And don't worry about Sydney not having a scene... (hehehehehe ... just had to stop typing here to check if God In Pants had responded!!!)  Come hang at Blip and you'll get to meet lots of Melb and Syd crew alike.  The Sydney guys are really great fun - despite their apparent 'tude in posting flyers for Melbourne shows they've played at.  They sometimes play in Sydney too....

ps. Homemade Electronic Music looks good but it's pretty expensive.  There are lots of sites out there with good introductions to simple oscillators, etc.  Check out some of the simple synth kits as well!

Well, I've had my 6 hours sleep and got my coffee.  Watchin' that count down.  Now we get to see how Trash 80's code fares ;-)

Great to hear everyone's feedback (keep it flowing!!) and nice to know that we've all (even little-scale) had an adventure during week one.

Poppi wrote:

I have unsolvable hardware AND software issues, so that's me out (I think the universe is trying to tell me something...).

Oh no!  What happened?  Surely you could use a built in mic or even do something acoustic on a basic recorder or something?  Hope you get something though... I'm looking forward to hearing what you come up with :-]

Mr Gray wrote:

I had three ideas which I turned into one good track and then I got sidetracked after I found some killer string samples....

Tell me about it!  A thing that's boggling my brain is having to come back to a track I've started within the same week often when I'm in a completely different head-space.  I hardly ever do that.  You can hear my tune take a dramatic change in vibe and style for whole sections.  You can only start so many tunes before having to commit to one and finish it.

I know of at least 2 other people who had "first week luck"!!  I'm curious if anyone else ran into problems of the "facepalm" kind on this first week??

For instance, I put the whole of today aside to finish my tune YET I actually spent most of today wiggling a old EMS cart around trying to get it to bloody read in any gameboy!   

Cart has been working fine for weeks and today it just died (displaying "NINTEND-" with the O missing) Cleaned contacts on both sides, and then found that it randomly worked in an old clear gameboy that is in the worst condition and not modded in any way... but it ONLY worked on that one device and none of the 6 other gameboys.  I had to finish the tune with a camping light strapped to my head shining on the display so I could see it... = ended up a frustrating day where normally I would have given up and just ordered a new cart.  As far as it's effect on the tune - it was mainly sequencing a second bridge in the middle and working on a better ending last 8 bars which I ran out of time for.   And the recording is just raw headphone socket.
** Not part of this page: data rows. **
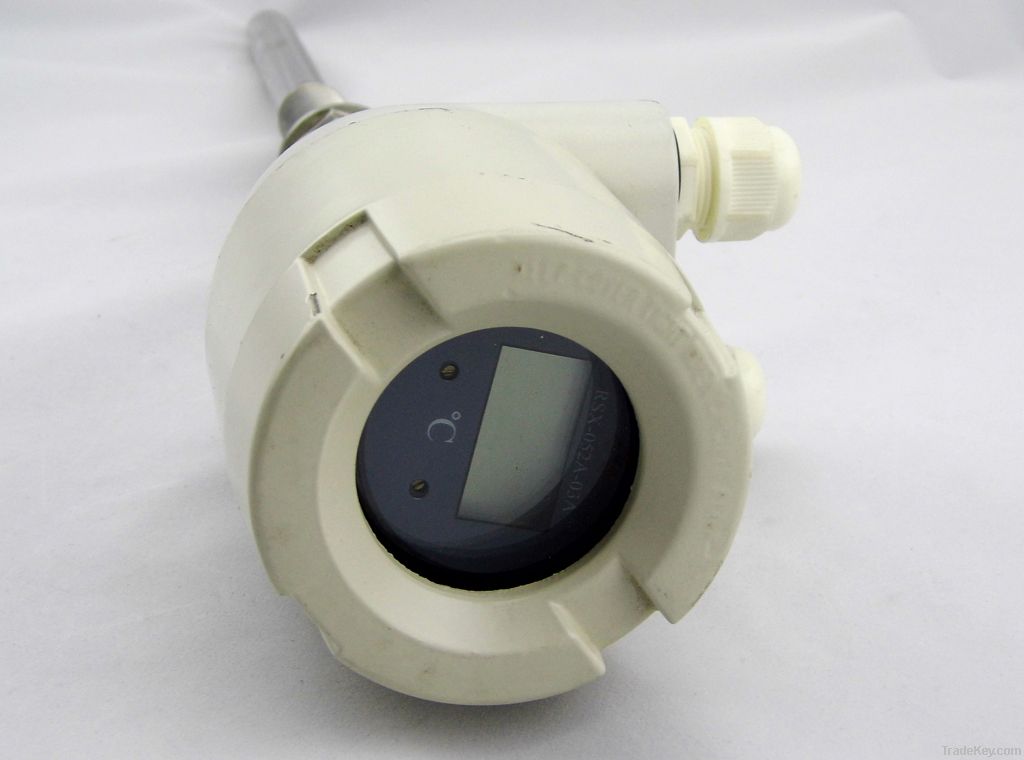 High temperature resistant J type thermocouple wear resistant and temp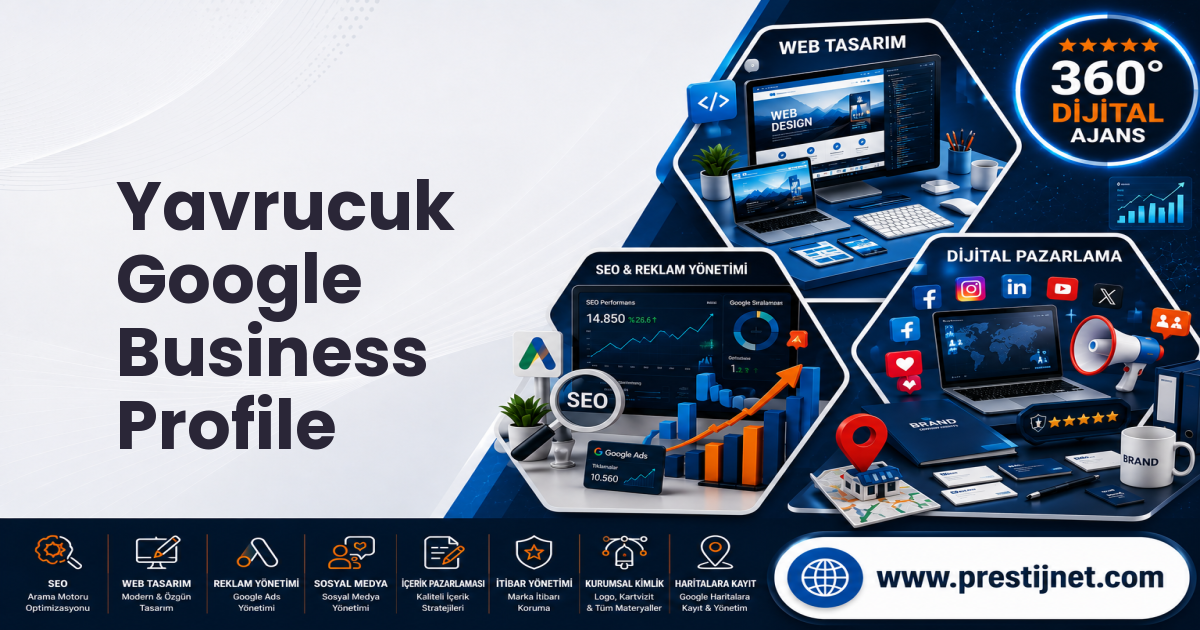 Yavrucuk Google Business Profile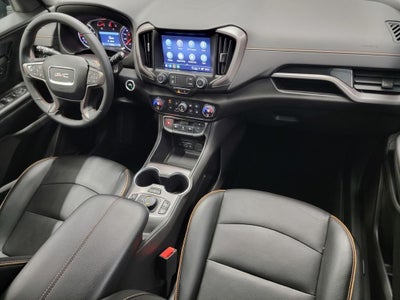 2024 GMC Terrain AT4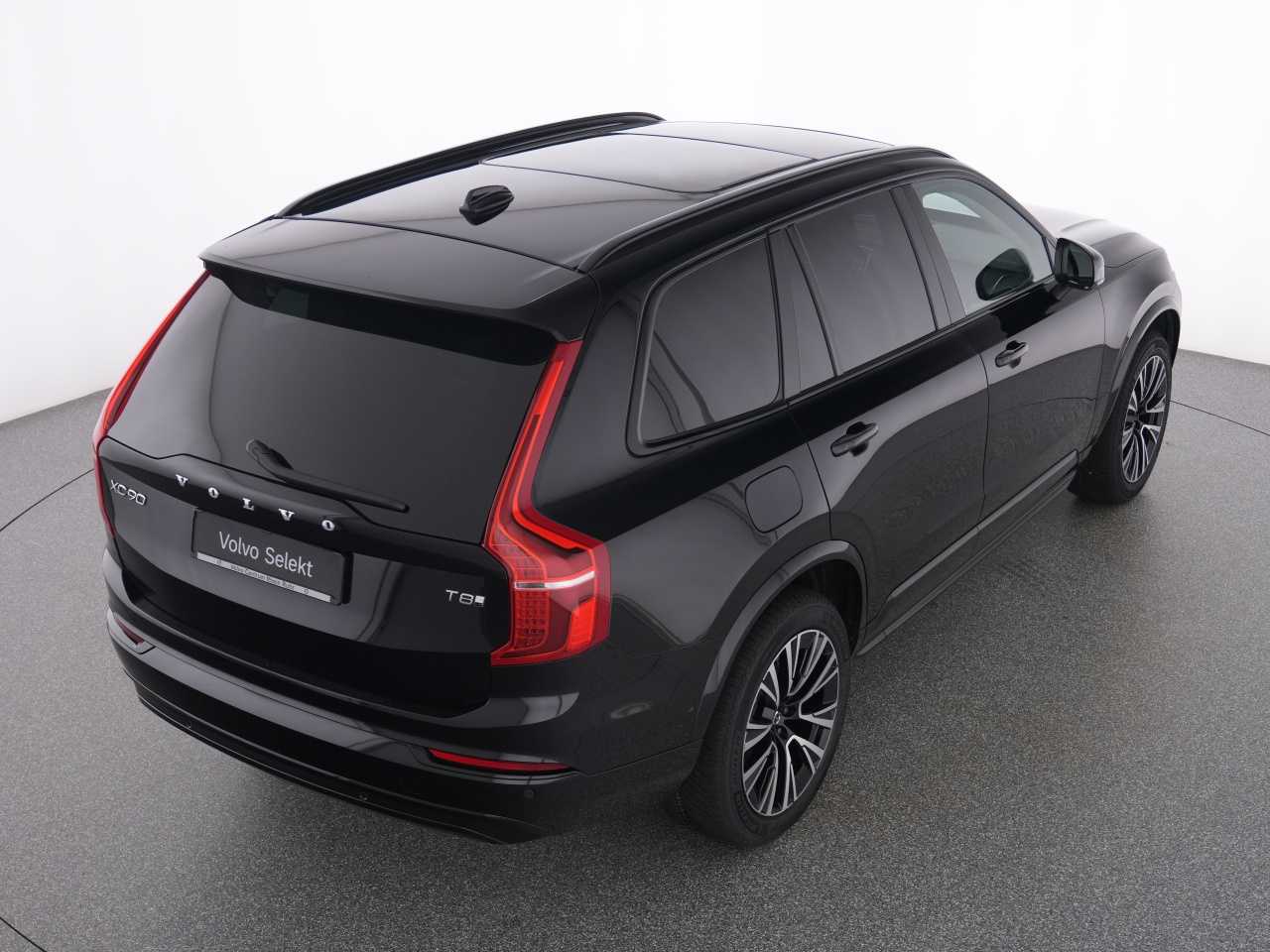 Volvo XC90 – Bild 19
So while I'm 95% happy with the tune this has highlighted to me the challenge of submitting a track "NO MATTER WHAT"... because I wouldn't have uploaded it in it's current form if it wasn't for the deadline!!

midimachine wrote:

Endorphin is an amazing free master compressor, just sayin'

Actually all of that guy's plugins are fan-freakin'-tastic. And free!

Agreed.  I use them still along side the other plugs I own!!  It's my main goto compressor for dialoge tracks in documentary mixing - just seems to work.

If you want something which will nag you occasionally but work amazingly in an unlimited demo version, check out Reaper.  I now have a Nuendo box sitting and getting dusty on my shelf as Reaper has changed my entire approach to audio.  Personal version is nothing (like $60?) and the compressors are look ahead and react solidly if you set them well.  The EQ is the best thing I've ever used and fully tweak-able.  The plugs are really functional too although nothing is pretty... it's all about being a performance program so they don't waste memory on flashy looking interfaces.   Their manual has some great explanations too - as does the Waves manual (which used to be an incredible read as an introduction to what the various elements do).  Can't recommend Reaper enough.

Phil Harmonic wrote:

on the low end.. you really just have to use your ears and move the shelf around a bit until it sounds right.. but usually its somewhere between 30hz and 60hz depending on how much energy you have down there.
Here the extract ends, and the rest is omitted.